We are going to present our video2text work in the Multimedia Grand Challenge session of the forthcoming ACM Multimedia 2016 Conference at Amsterdam.
This paper describes our solution for the MSR Video to Language Challenge. We start from the popular ConvNet + LSTM model, which we extend with two novel modules. One is early embedding, which enriches the current low-level input to LSTM by tag embeddings. The other is late reranking, for re-scoring generated sentences in terms of their relevance to a specific video. The modules are inspired by recent works on image captioning, repurposed and redesigned for video. As experiments on the MSR-VTT validation set show, the joint use of these two modules add a clear improvement over a non-trivial ConvNet + LSTM baseline under four performance metrics. The viability of the proposed solution is further confirmed by the blind test by the organizers.
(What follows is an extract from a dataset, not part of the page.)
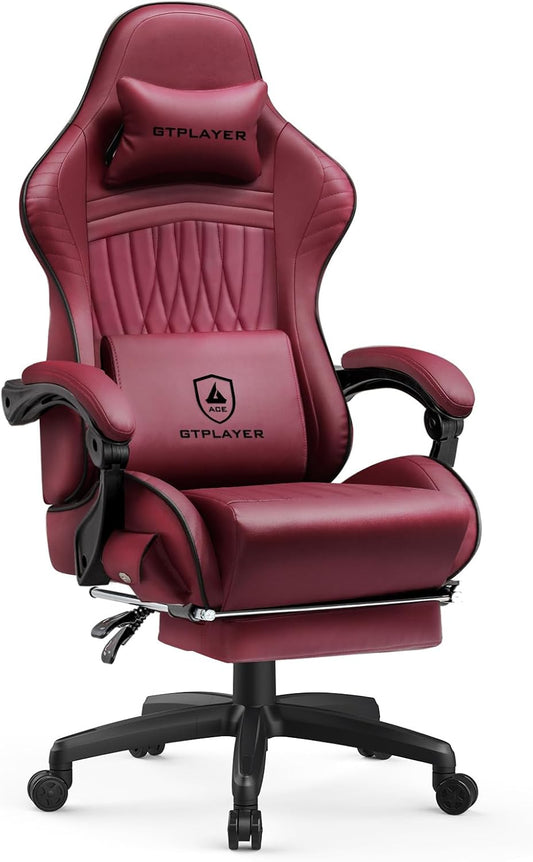 Chaise Gaming Ergonomique avec Haut-Parleurs Bluetooth et Repose-Pieds – Vin Rouge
Our system is ranked at the 4th place in terms of overall performance, while scoring the best CIDEr-D, which measures the human-likeness of generated captions.
Our work on video event detection, TagBook: A Semantic Video Representation without Supervision for Event Detection, has been published as a regular paper in the July issue of IEEE Transactions on Multimedia.
We consider the problem of event detection in video for scenarios where only few, or even zero examples are available for training. For this challenging setting, the prevailing solutions in the literature rely on a semantic video representation obtained from thousands of pre-trained concept detectors. Different from existing work, we propose a new semantic video representation that is based on freely available social tagged videos only, without the need for training any intermediate concept detectors. We introduce a simple algorithm that propagates tags from a video’s nearest neighbors, similar in spirit to the ones used for image retrieval, but redesign it for video event detection by including video source set refinement and varying the video tag assignment. We call our approach TagBook and study its construction, descriptiveness and detection performance on the TRECVID 2013 and 2014 multimedia event detection datasets and the Columbia Consumer Video dataset. Despite its simple nature, the proposed TagBook video representation is remarkably effective for few-example and zero-example event detection, even outperforming very recent state-of-the-art alternatives building on supervised representations.